Les mesures de limitation de l’immigration ont débuté dans les États qui recevaient le plus d’immigrants, ceux-ci fixaient des quotas proportionnels à la répartition des nationalités d’origine, quand l’Europe du Nord prédominait. Elles avaient été adoptées sur la côte pacifique pour freiner l’entrée des Japonais et Chinois, avant l’afflux des immigrants latins et slaves. L’ancienne Amérique devient plus réticente à cet afflux. Les autorités redoutaient les anarchistes ou terroristes (les Irlandais du Sin Fein) et la formation de « cinquièmes colonnes » ! Le retournement de la conjoncture en 1929 et les années de la grande dépression auront pour contrepartie une diminution de 90 % de l’immigration. La Californie adopta un programme de refoulement des Mexicains, il est vrai que la situation agricole était catastrophique. Les lois fédérales sur l’immigration de 1921 et 1924 fixèrent un quota équivalent à 3 % puis 2 % du nombre de nationaux établis aux États-Unis. La référence était leur poids démographique en 1920, puis elle fut ramenée à 1890. La loi d’immigration de 1929 relève encore les barrières, elle fixe un quota global de 150 000 émigrés officiels. Le gouvernement voulait arrêter l’exode des Mexicains et des Italiens. L’afflux des immigrants fut 10 fois plus faible dans les années 1930.
4° L’immigration d’aujourd’hui : hispaniques et asiatiques
Depuis la fin de la seconde guerre mondiale, les migrations internationales ont doublé tous les 25 ans. Elles concernent 200 millions de personnes chaque année et se déroulent pour l’essentiel à l’intérieur de chaque grande zone géographique : l’Asie, L’Europe, les Amériques et surtout l’Afrique. Cependant, le flux des migrations transcontinentales est dominé par un courant de migration du Sud vers le Nord, du Tiers Monde vers le monde industrialisé. Or les deux régions concernées par ces grandes migrations sont à égalité l’Europe et l’Amérique du Nord. L’Europe accueille surtout une migration transméditerranéenne d’Afrique du Nord et du Proche Orient et une migration d’Asie. L’Amérique du Nord accueille surtout une migration du Mexique et des Caraïbes et une migration asiatique.
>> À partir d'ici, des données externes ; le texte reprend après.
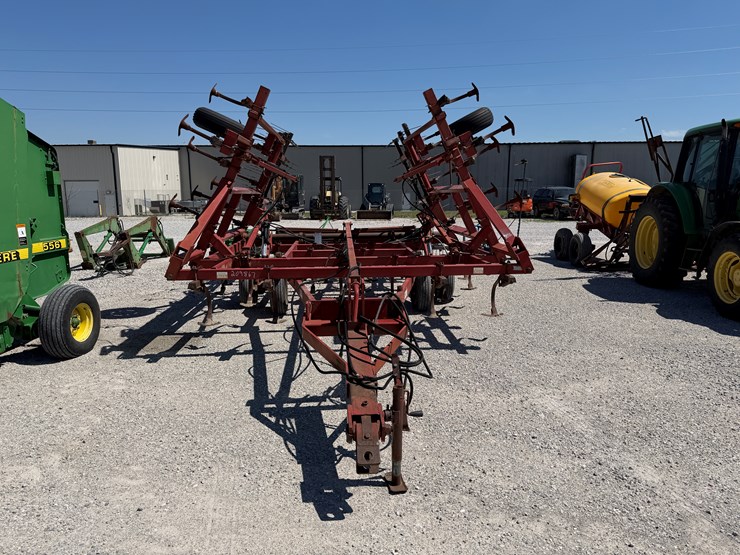 case-ih-4800-image-2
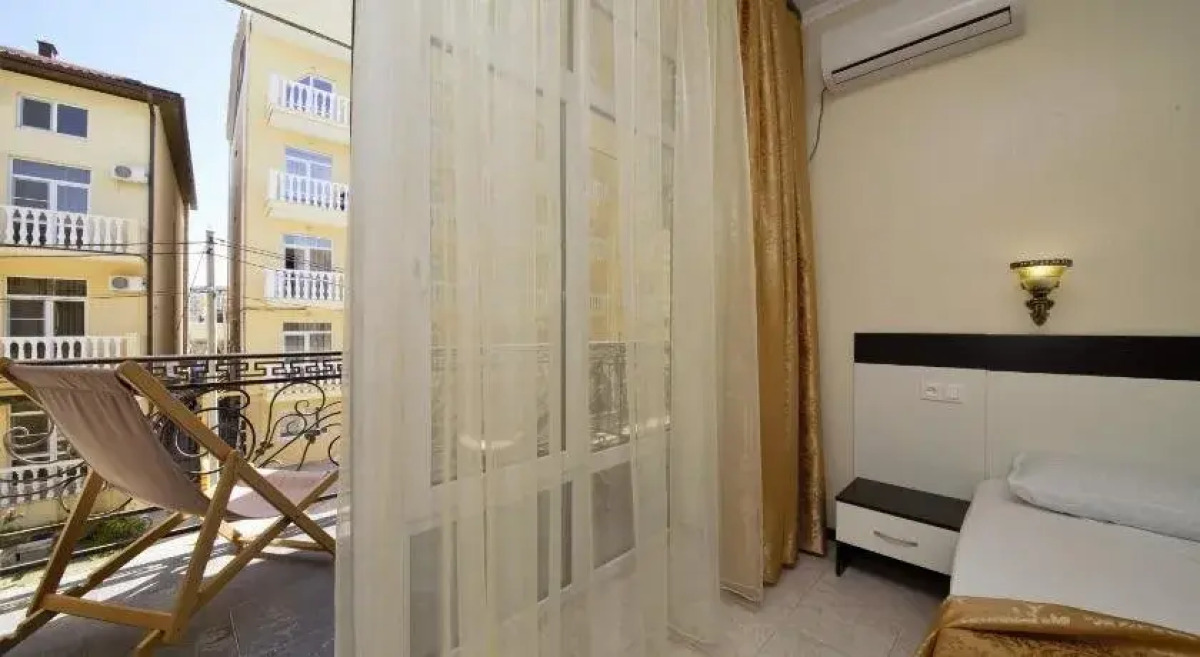 Отель Протос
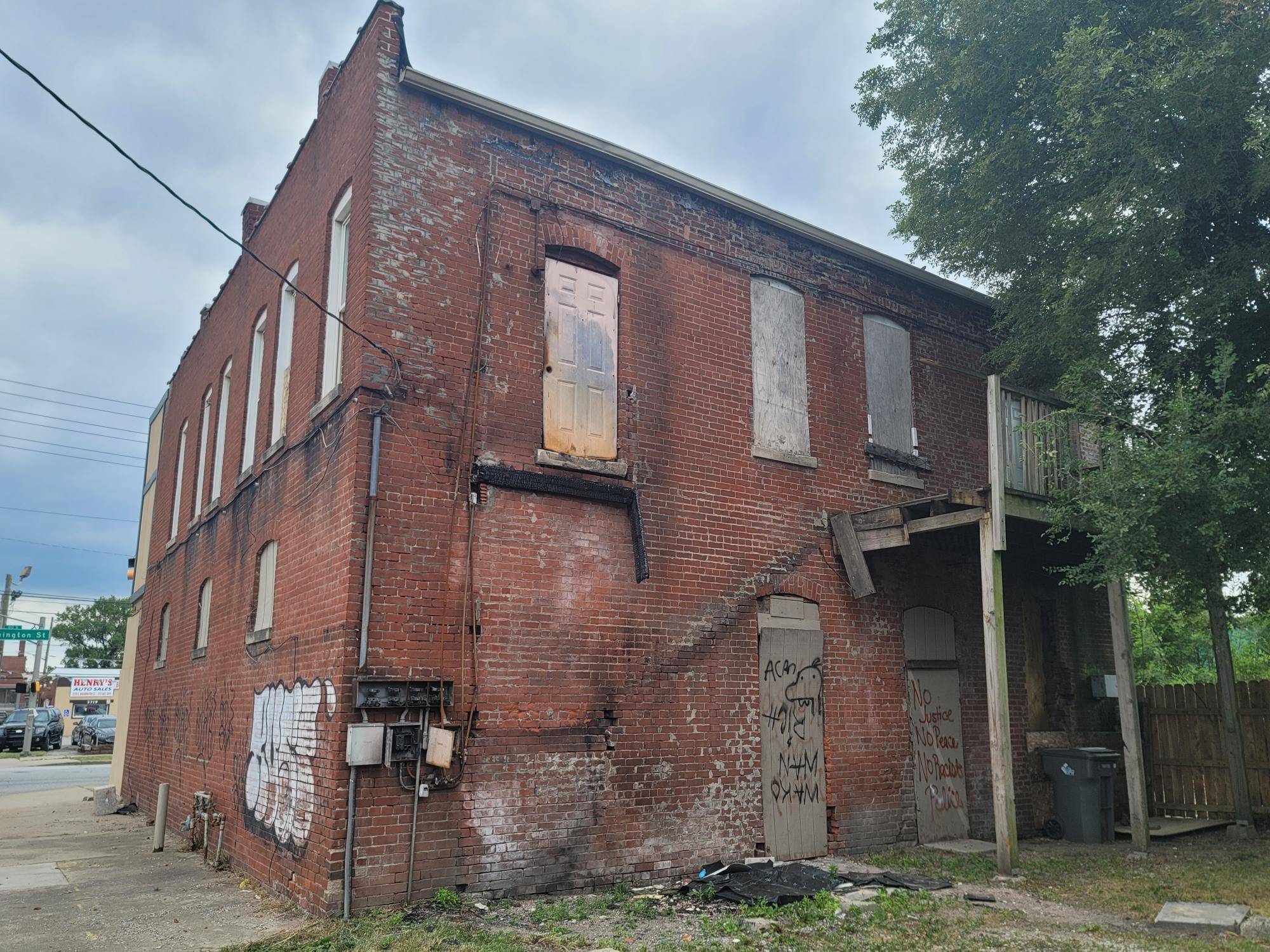 Indianapolis, IN 46201,2330 E Washington ST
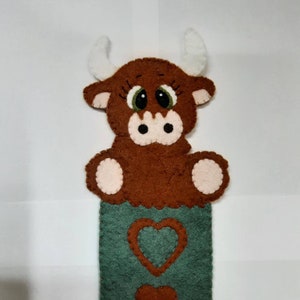 Felt Highland Cow Bookmark, Handmade Bookmarks, Highland Cow Gifts, Book lovers Gifts, kids Bookmarks, animal Bookmarks, Bookworm Gifts.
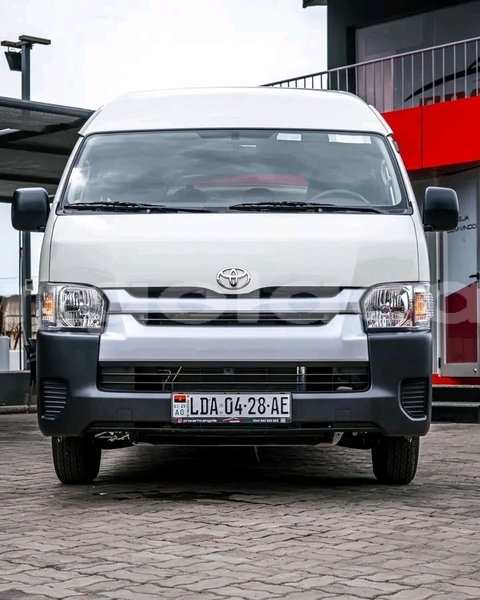 Big with watermark toyota grand hiace luanda province luanda 39273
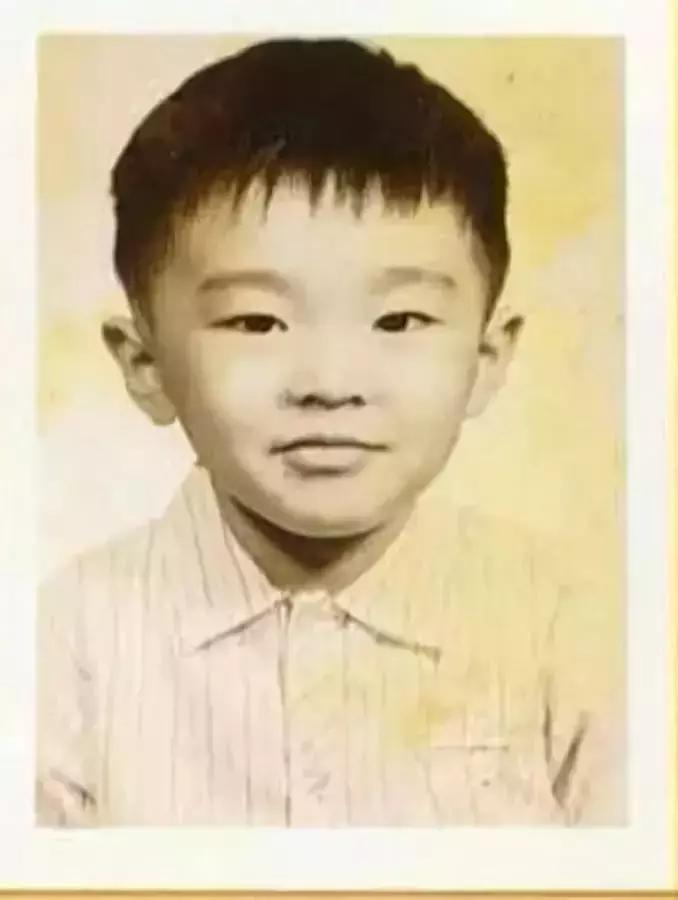 周星驰百年孤独,周星驰憔悴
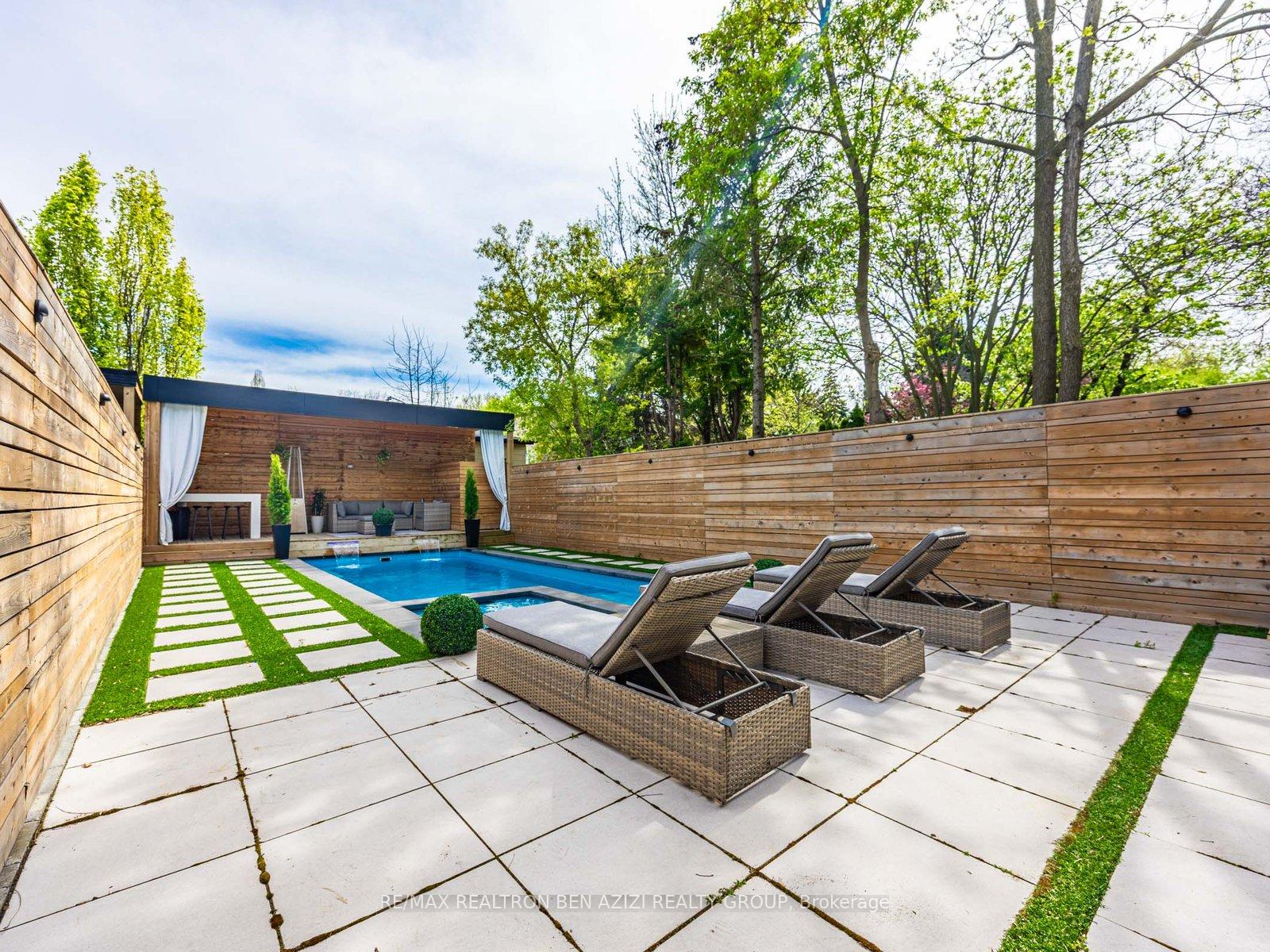 Photo 33 of 323 Melrose Avenue, Toronto, Lawrence Park North — HOMEH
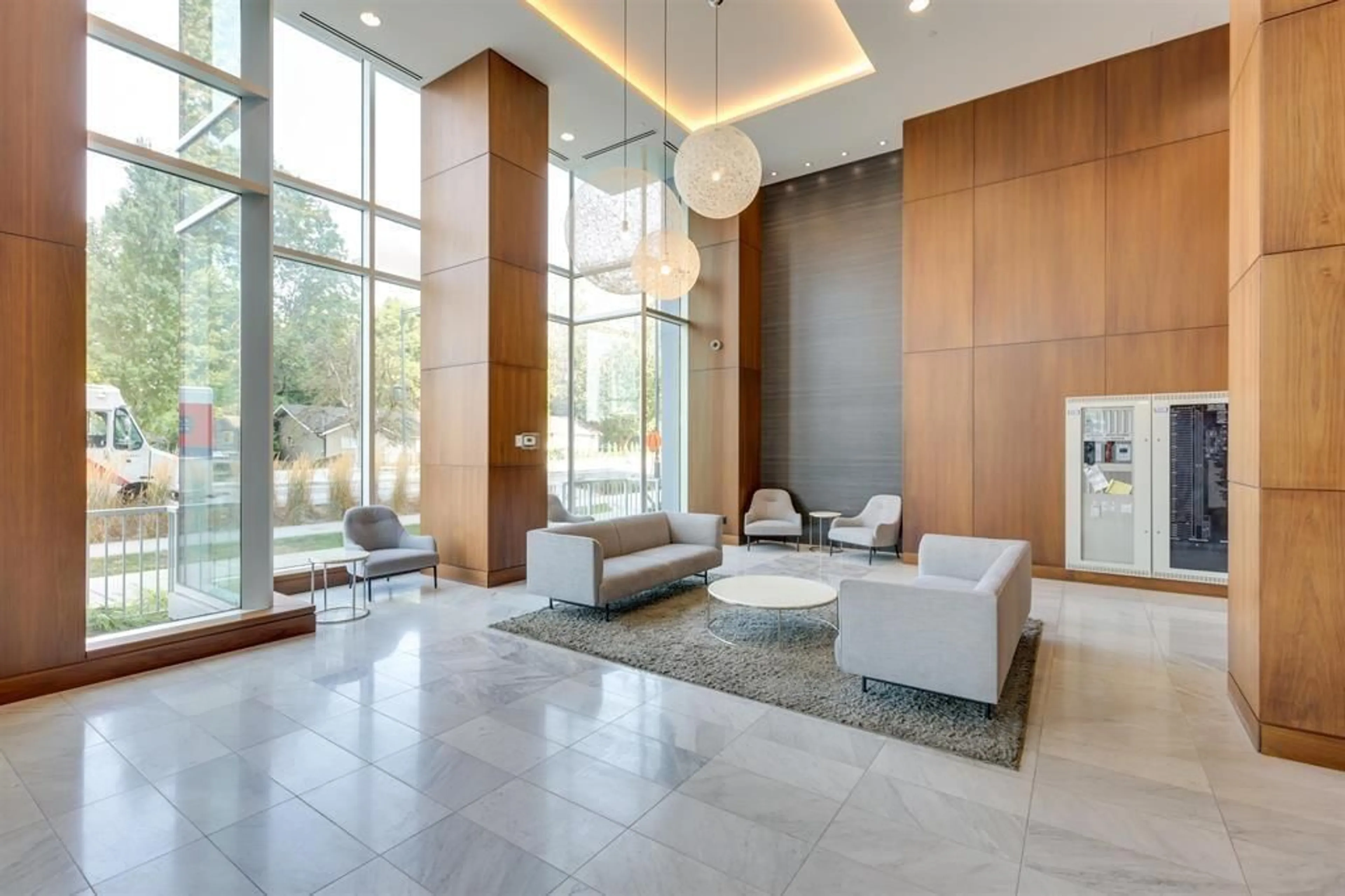 Lobby for 1002 - 13696 100, Surrey British Columbia V3T0L5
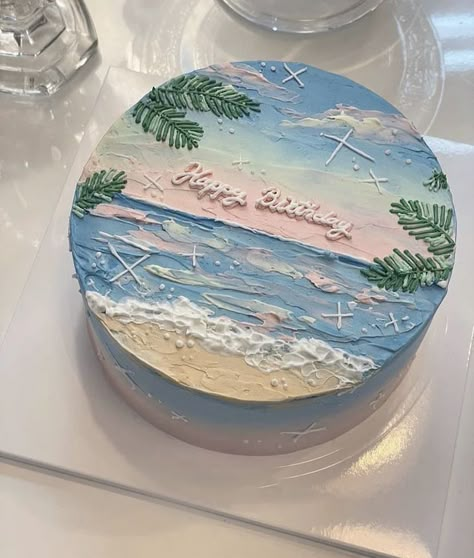 Costal Birthday Ideas, Teenager Cake Ideas, Piscis Cake, Summer Birthday Cake Ideas, Summer Cake Designs, 17th Bday Cake, Ocean Themed Cake, Palm Tree Cakes, Ocean Birthday Cakes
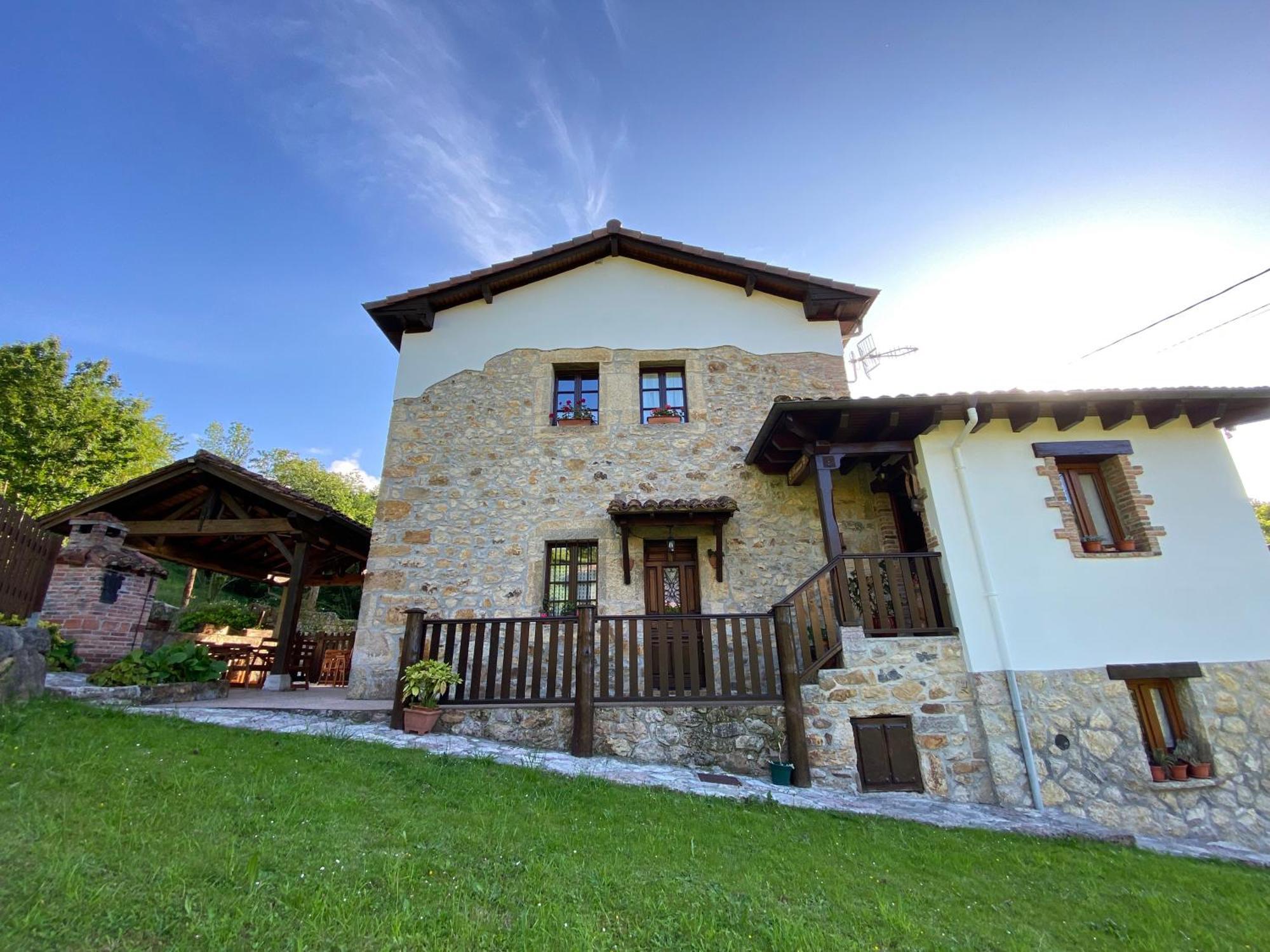 Apartamentos Rurales La Caviana Onís Esterno foto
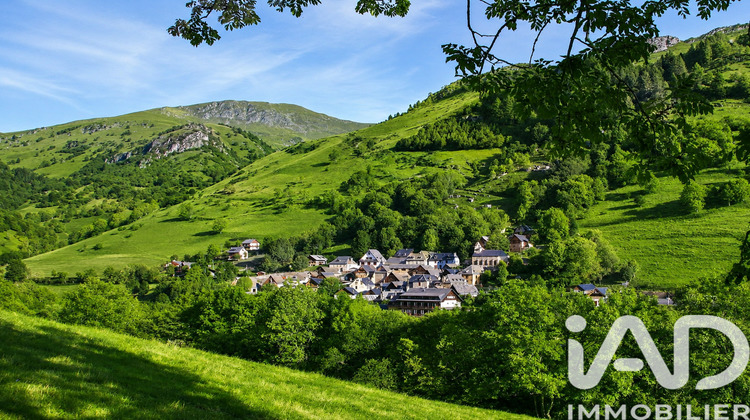 Ma-Cabane - Vente Local commercial Bagnères-de-Luchon, 1200 m²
La prédominance des hispaniques dans la composition des flux migratoires s’explique par la proximité et par l’ancienneté de leur implantation à l’ouest des États-Unis, car les nouveaux entrants bénéficient du réseau familial de solidarité et d’assimilation des résidents qui les ont précédés. L’implantation la plus ancienne est celle des Mexicains : ils sont aujourd’hui plus de 40 millions, souvent majoritaires dans leurs nouvelles terres d’élection, en Californie, au Nouveau Mexique ou au Texas. Chaque année, ils arrivent plus nombreux et leur fécondité est supérieure à celle des immigrants européens de vieille souche. Les Mexicains ne sont pas les seuls hispanophones, à deux pas de la Floride les îles surpeuplées de la Caraïbe affluent : un million de Cubains ont fui le régime politique, les Haïtiens fuient la misère, les Jamaïcains et Portoricains profitent de leur bilinguisme. Enfin l’Amérique Centrale, la Colombie et les pays andins ont renforcé la place des hispanophones. Les « latinos » se considèrent et sont considérés comme des « blancs », cependant de nombreux caribéens (Haïtiens, Dominicains, Jamaïcains) sont « noirs ». La moitié de l’immigration légale provient d’Amérique latine, surtout du Mexique ; il faut y ajouter l’incidence de l’immigration clandestine, notamment celle du Mexique.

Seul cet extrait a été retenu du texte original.